NASA scientists said the meteoroid that came down over Russia was a
space rock about 50 feet in diameter. They said the resulting explosion
was equivalent to detonating about 300 kilotons of TNT — making it
roughly 20 times more powerful than the atomic bomb dropped on
Hiroshima, although the bomb was detonated near the Earth’s surface.
The meteor exploded over Chelyabinsk, Russia, where it broke windows
and collapsed some walls, causing damage throughout the city and
injuring 1,200 people. If a similar-sized meteor were to explode above
Boston — a remote possibility — it could cause similar destruction in an
area roughly stretching from the State House to Fenway Park, MIT
planetary scientist Richard Binzel estimated.
The Earth is under constant assault by dust and rocks flying through
the solar system — meteoroids — most of which burn up in the atmosphere
before reaching the ground. Events the size of the one in Russia are
uncommon.
Every day, 100 or so tons of rocks and dust bombard the atmosphere,
Binzel said. A basketball-sized object hits the Earth about once a day
on average, NASA scientists said. Such objects become meteors — flashes
of light created as they fly through the atmosphere and burn up.

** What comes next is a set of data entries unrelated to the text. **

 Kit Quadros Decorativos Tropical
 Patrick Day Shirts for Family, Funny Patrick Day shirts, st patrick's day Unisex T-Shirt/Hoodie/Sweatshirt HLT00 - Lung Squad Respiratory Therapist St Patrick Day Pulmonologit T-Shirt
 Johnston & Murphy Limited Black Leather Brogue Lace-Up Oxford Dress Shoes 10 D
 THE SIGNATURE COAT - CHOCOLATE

Fragments of a meteoroid left a hole in the ice on a lake near Chelyabinsk, Russia. |
“Objects falling over the oceans could be almost completely missed,”
Timothy Spahr, director of the Minor Planet Center at the
Harvard-Smithsonian Center for Astrophysics, wrote in an e-mail. “Only
the Air Force and Department of Defense have information on a lot of the
airbursts that are unobserved from the ground.”

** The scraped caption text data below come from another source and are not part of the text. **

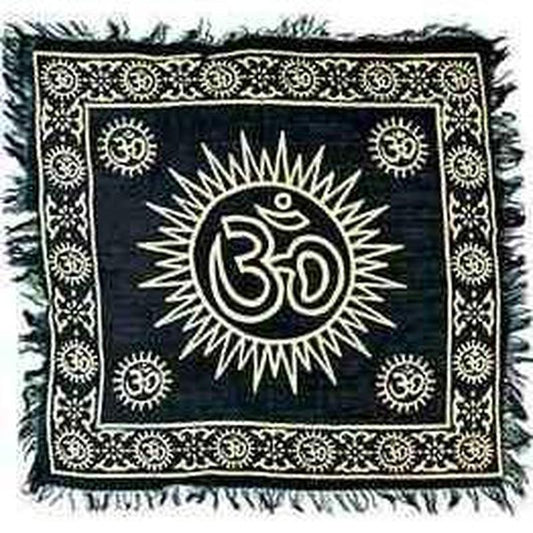 Gold Om Symbol Altar Cloth-Nature's Treasures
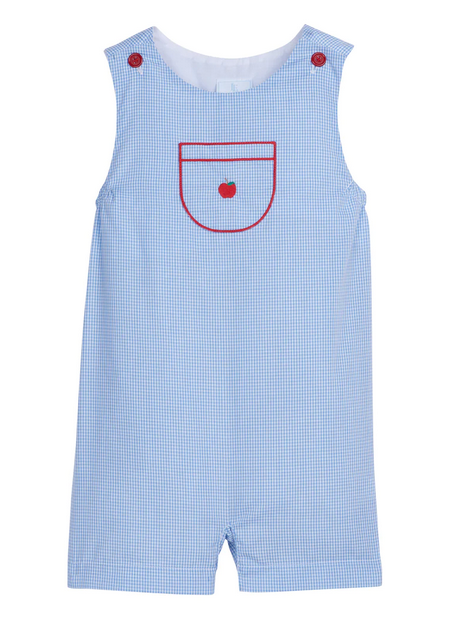 Little English Embroidered Campbell Shortall w Apple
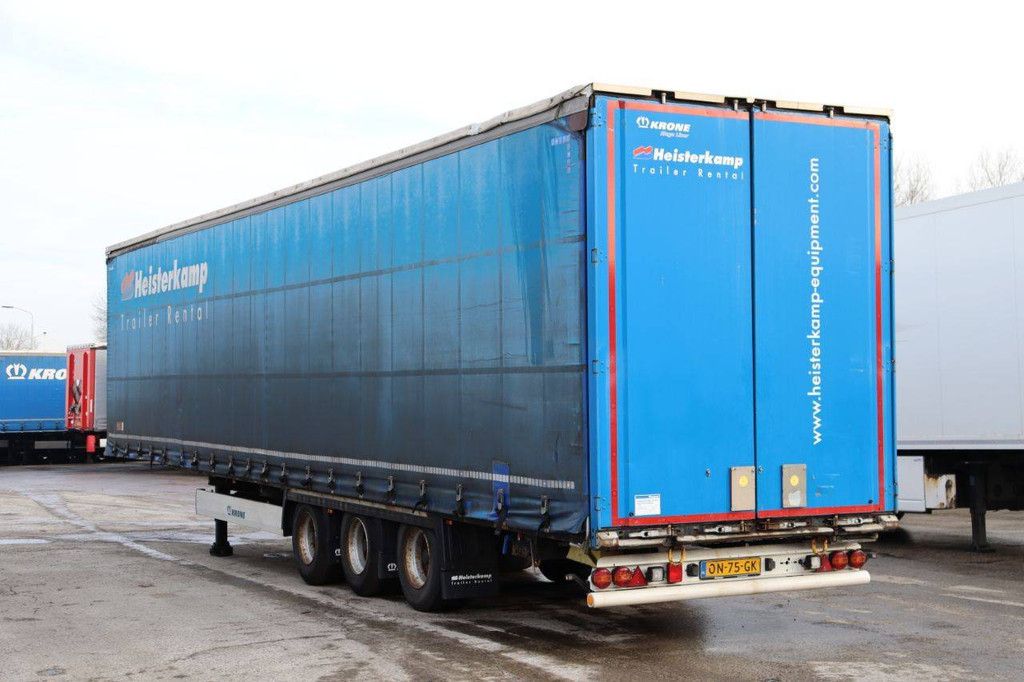 Krone SD Curtainsider-Anhänger, 39000 kg, Baujahr 2014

The atmosphere largely protected the Earth this time, Binzel said,
heating up the meteoroid and causing it to break apart. Scientists
believe it hit the atmosphere at more than 40,000 miles per hour, but
broke apart about 12 to 15 miles above the Earth. What reached the
ground were fragments of rock, known as meteorites, and a pressure wave
and sonic boom knocked out windows.
Binzel said if the original space rock had been slightly smaller, it
likely would have exploded farther from the Earth’s surface and the
pressure wave would not have made it to the ground.
Binzel said scientists in Russia are already making efforts to collect meteorites that landed. He hopes to examine some himself.

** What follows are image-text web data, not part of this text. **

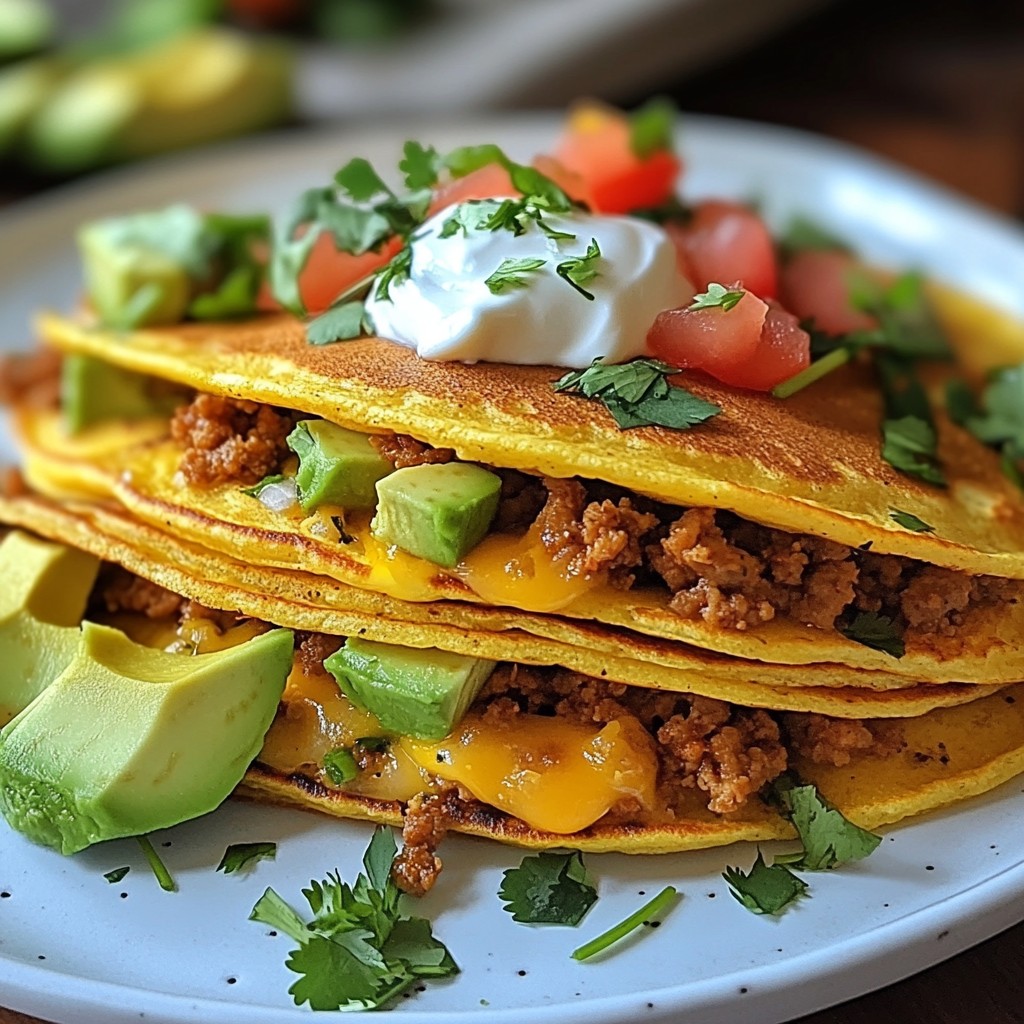 Savory Pancake Tacos Flavorful and Easy Recipe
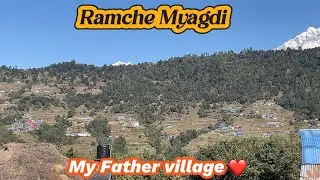 My Father village Ramche Myagdi❤️| आफ्नो गाउॅ घुम्दा छुट्टै खुशी लाग्ने रहेछ😍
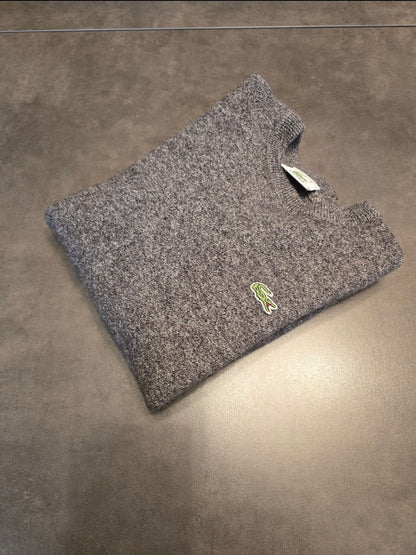 Pull en maille gris mélangé des années 80' - XS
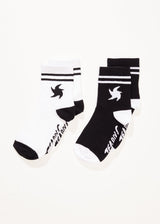 Afends Womens Estrella - Socks Two Pack - Multi - Afends womens estrella   socks two pack   multi   streetwear   sustainable fashion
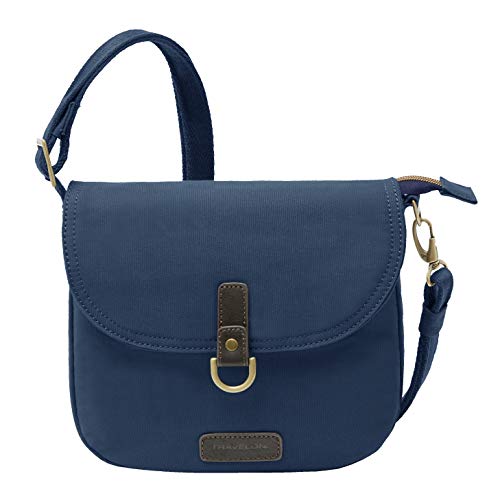 Travelon: Anti-Diebstahl-Kurier-Sattel-Umhängetasche, navy, 9 x 7 x 2.25, Diebstahlsicherung Kuriersattel Crossbody Travelon: Anti-Diebstahl-Kurier-Sattel-Umhängetasche, navy, 9 x 7 x 2.25, Diebstahlsicherung Kuriersattel Crossbody von Travelon
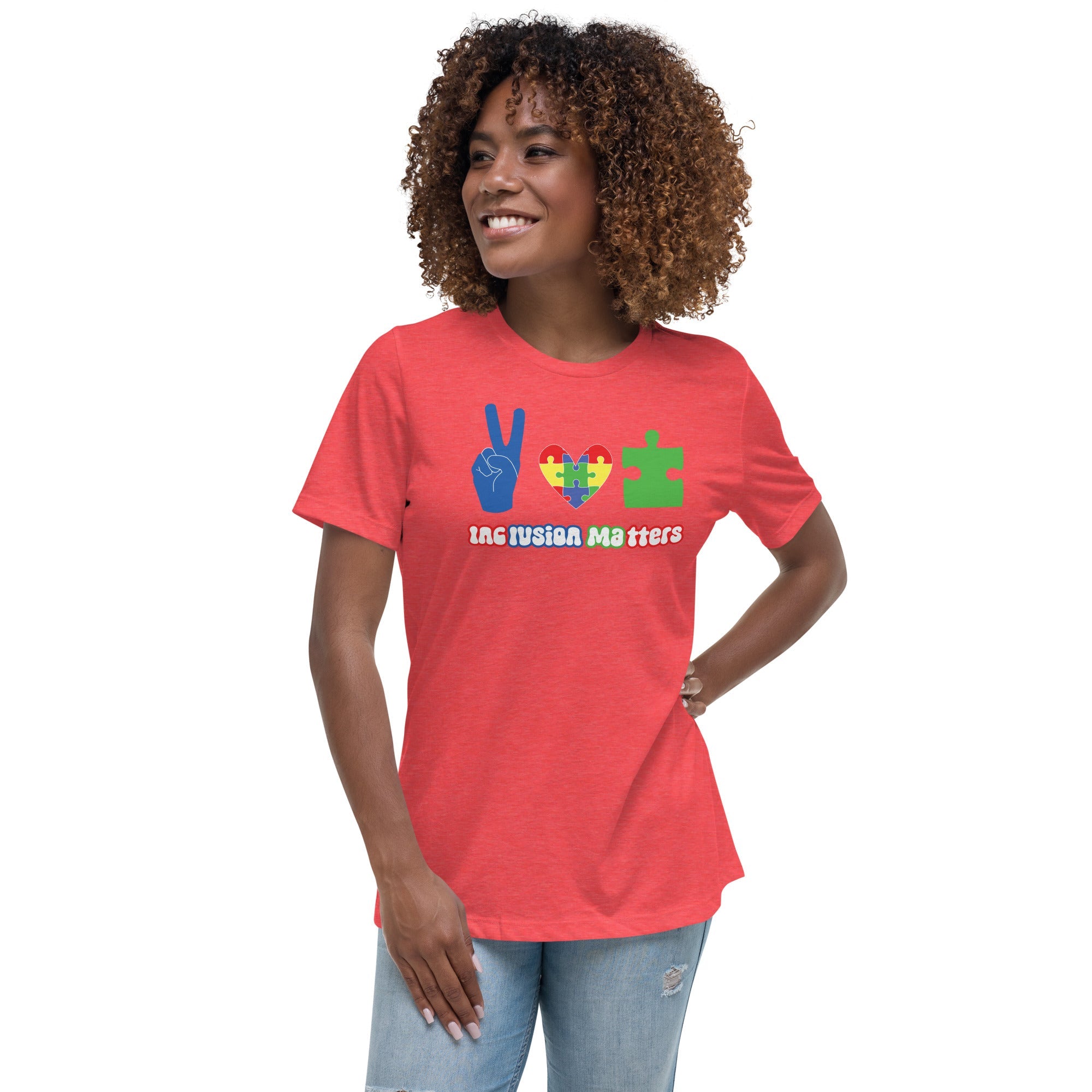 Women's Autism Peace Custom T-Shirt - Kicks Shoelaces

“These typically would break into fragments, hand-sized or smaller,
and there could be hundreds or thousands of them,” Binzel said. “We hope
there are, because scientifically we would hope to pick them up and
bring them into laboratories.”
It is a coincidence that the meteor appeared within a day of a close
call with the asteroid known as 2012 DA14, which had long been predicted
to come within 17,200 miles of Earth — the closest approach to ever be
predicted for an object of its size.
“We’re looking at it carefully. It turns out they almost certainly
are not related, which is amazing because of the coincidence,” Binzel
said. The object that hit Russia, Binzel said, was traveling north to
south, whereas the asteroid was moving south to north.
The asteroid, about half a football field in diameter, is estimated
to weigh 287 million pounds. An asteroid that size would cause regional
devastation if it slammed into the atmosphere, according to NASA, and
would be comparable to the Tunguska event, when a slightly smaller
asteroid flattened about 825 square miles of forest in Russia. The space
agency estimates there are about half a million asteroids that size
near Earth.
Scientists closely monitor near-Earth asteroids that could pose a
risk to the planet, but are most focused on identifying and tracking
large objects that could cause considerable harm.
“We are focusing on the larger asteroids first,” said Paul Chodas, a
research scientist in the Near Earth Object Program Office at NASA’s Jet
Propulsion Laboratory in Pasadena, Calif. “They are the ones that are
the most hazardous. The object that entered over Siberia this morning
was a moderate explosion, and frankly was nowhere near the devastation
you would get from a larger asteroid hitting the Earth.”
Representative Lamar Smith, Republican of Texas and chairman of the
House’s Science, Space, and Technology Committee, said in a statement
that in the coming weeks there would be a hearing to examine how to
better detect asteroids and protect people from them.